2023.9.30 欲を優先しても欲しいものは手に入らない
秋の接心が近づいてきた。
お寺で7〜10日の間泊まり込みで集中的に坐り続ける期間を接心と呼ぶらしい。昨年老師が声をかけて下さり、今年は思い切って6月10月12月と申込んでみた。子どもの世話があるのでオンラインで繋ぎながら一日中自宅で坐る。
6月の接心は4月5月の新学期の慌ただしさが落ち着いてると思っていたが、普段から全く坐れていないのに急に1日5.6時間も坐るものだから、幼少期に痛めた股関節が痛み全く集中できなかった。
今回も10月なら夏休みが終わり、運動会も終わって集中できそうだと思ったが、夏休みが終わっても全く坐る時間を作らずダラダラしている自分に呆れて、せめて坐禅会くらいはとお寺に足を運んだのだ。
結果は散々だった。
毎日のように何時間も坐っていた時期があり、これか!と叫びたくなるような体験もして、わたしは満足していたのだろう。また坐ればすぐにあの体験が待っているなんて、そんな簡単に考えていたわけではない。だが坐るうちに背中や股関節が痛み、簡単な所作ですら注意を受け、何年経っても初心者の域を出ない自分に嫌気がさしてきた。慢心していた自分が酷く情けなかった。

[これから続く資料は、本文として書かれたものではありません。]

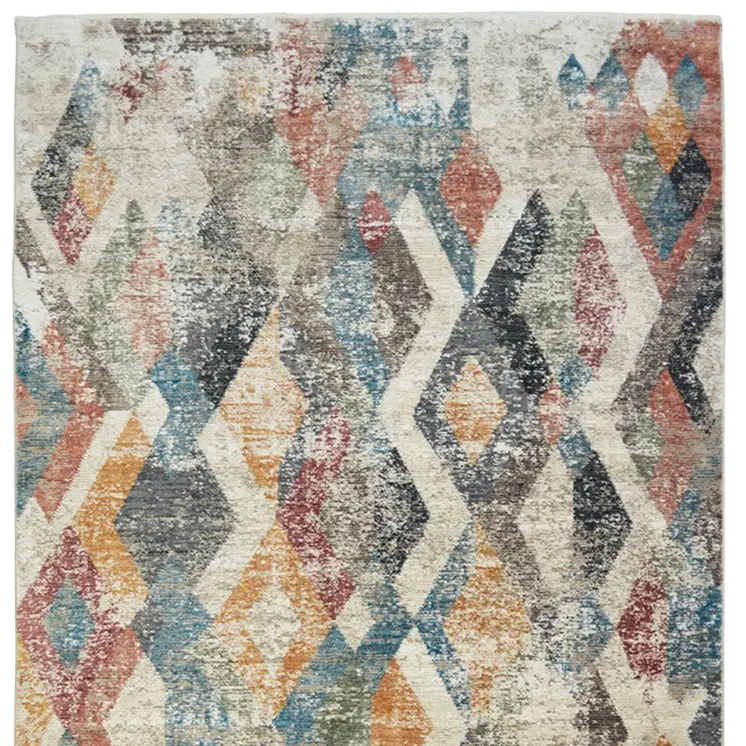 9' X 13' Beige Blue and Gray Geometric Distressed Area Rug With Fringe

坐禅は良くも悪くも今の自分がそのまま浮かび上がる。坐禅に善きも悪きもなく、良い悪いと言うのは己の自我のみだと老師はおっしゃるけれど、自分の甘さや適当さが露呈することほど居心地の悪いことはない。ありのままの自分を受け止めることより、あれが悪いこれが良くないとわかったフリをして言い訳するほうが楽なのだ。老師の話では人は楽なほうに流れるのだという。
あれもやりたい、これもやりたいと欲を優先しても欲しいものは手に入らない。楽を選んでも同じことだろう。
叶うならこの日の居心地の悪さを一生忘れませんように。